Gigi Goode doesn’t design clothes — she conjures creatures. In Alchemy, her second fashion collection, the Drag Race alum-turned-fashion force ditches the pattern for paint and trades precision for possession. This isn’t fashion. It’s invocation.
In this chapter, Goode steps into full creative trance. No sewing machines. No sketches. Just silicone, cheap painter’s canvas, and gallons of house paint. In one Instagram clip, she’s barefoot, painting directly onto a mannequin like a possessed couture priestess. “Hours and hours, even days, disappear,” she says. “Then I open my eyes and there’s a garment — and chaos everywhere.”
The pieces are post-apocalyptic couture armor: wet-look black capes that evoke radioactive nuns, scorched red ball gowns, jagged coats with brutal shoulders. “It’s like a film,” she says, “some dystopian, less-hot version of Dune. Mysterious, mutated creatures — but the girls still serve.”
Originally, Alchemy was meant to address the repression of women — with high necklines, covered mouths, motifs of silence. But the concept unraveled as Goode leaned deeper into process. “I just needed to make a mess,” she explains. What emerged is her most intuitive and unfiltered work yet.

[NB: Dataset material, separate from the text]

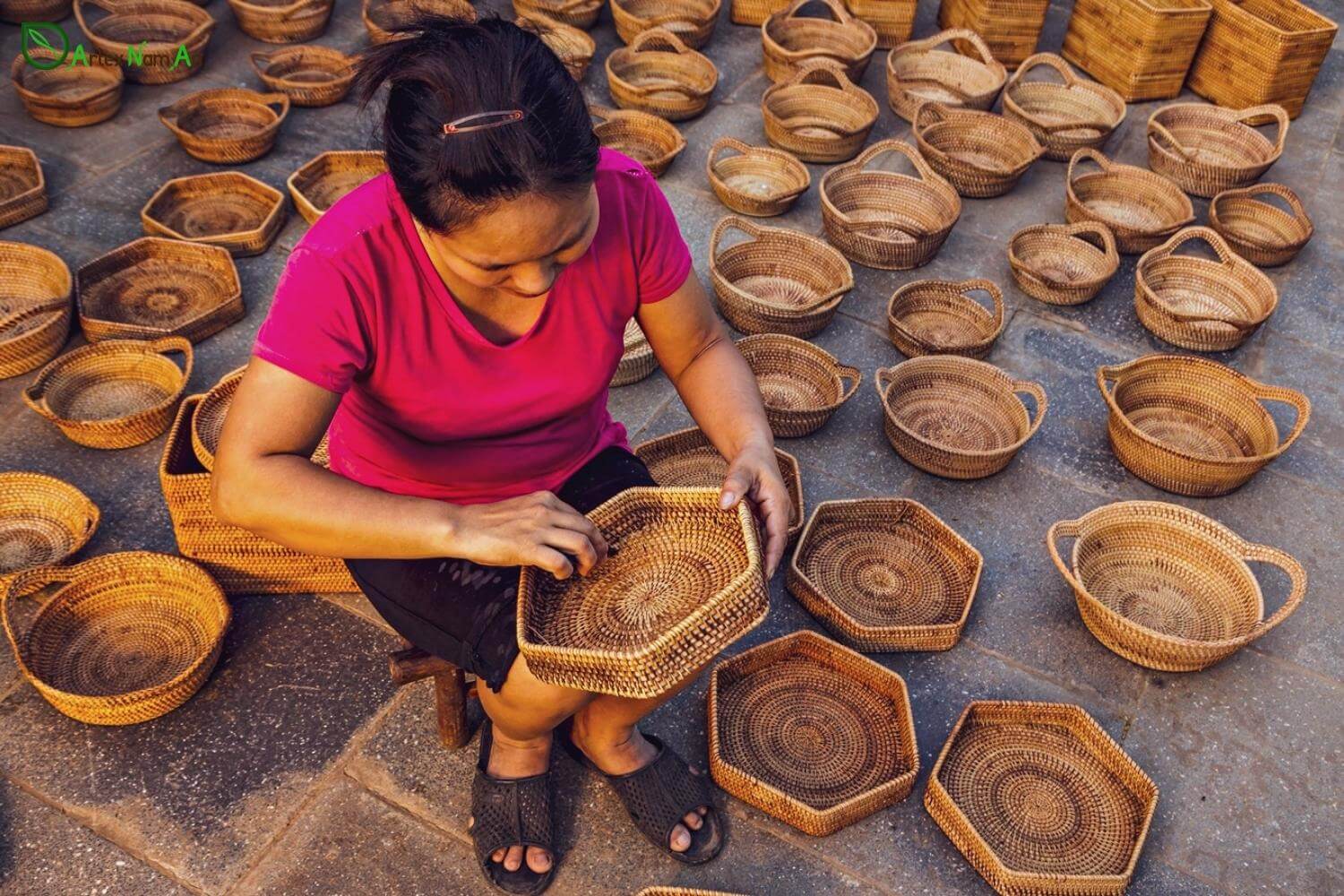 Rattan wicker baskets bulk in Vietnam - Artex Nam An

Her lifelong obsession with 1940s fashion threads quietly through it all. Raised in a basement of vintage theatre costumes, Goode started experimenting young — styling her hair in pin curls and posing in drag at 15 in abandoned Illinois buildings. In one shoot, she played a housewife on a haunted piano. Minutes later, the keys she touched started playing on their own from the next room. “The only paranormal thing that’s ever happened to me — and I was in full nurse drag.”

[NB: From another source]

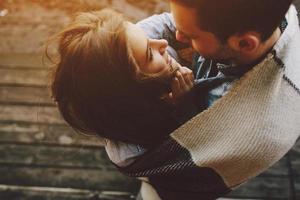 jeune couple enveloppé dans un plaid photo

Now, she’s trading the main stage for something deeper. “I love Drag Race. But I have nothing left to prove there,” she says. “It was a beautiful chapter — like a weird little diary — and I’m proud of it. But I don’t need to go back.”

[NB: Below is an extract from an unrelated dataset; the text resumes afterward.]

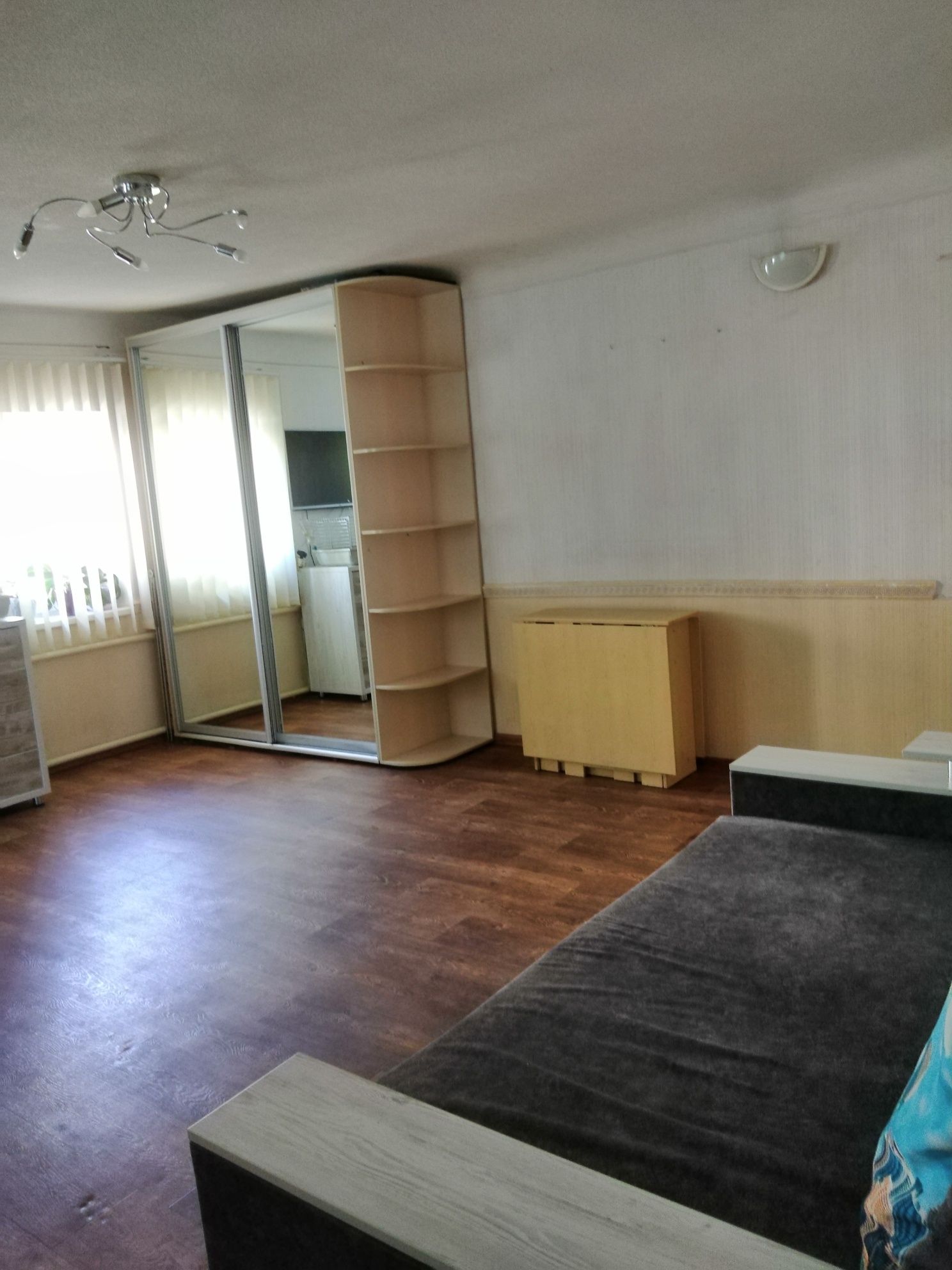 Продам 3х комнатную квартиру в котедже  в Александровского р-н г. Запо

Instead, she’s carving her own path — splitting time between LA and Paris, connecting with boundary-pushing designers like Fecal Matter and Luis De Javier. Her focus? Fashion that’s physically unwearable, spiritually irresistible. “I want the girls who wear this to feel it in their bones,” she says. “The shoes were so intense their knees buckled. But once they stood in them — they stood.”
Alchemy isn’t a red carpet moment. It’s a cinematic possession. Couture for a world that doesn’t exist yet — but maybe should.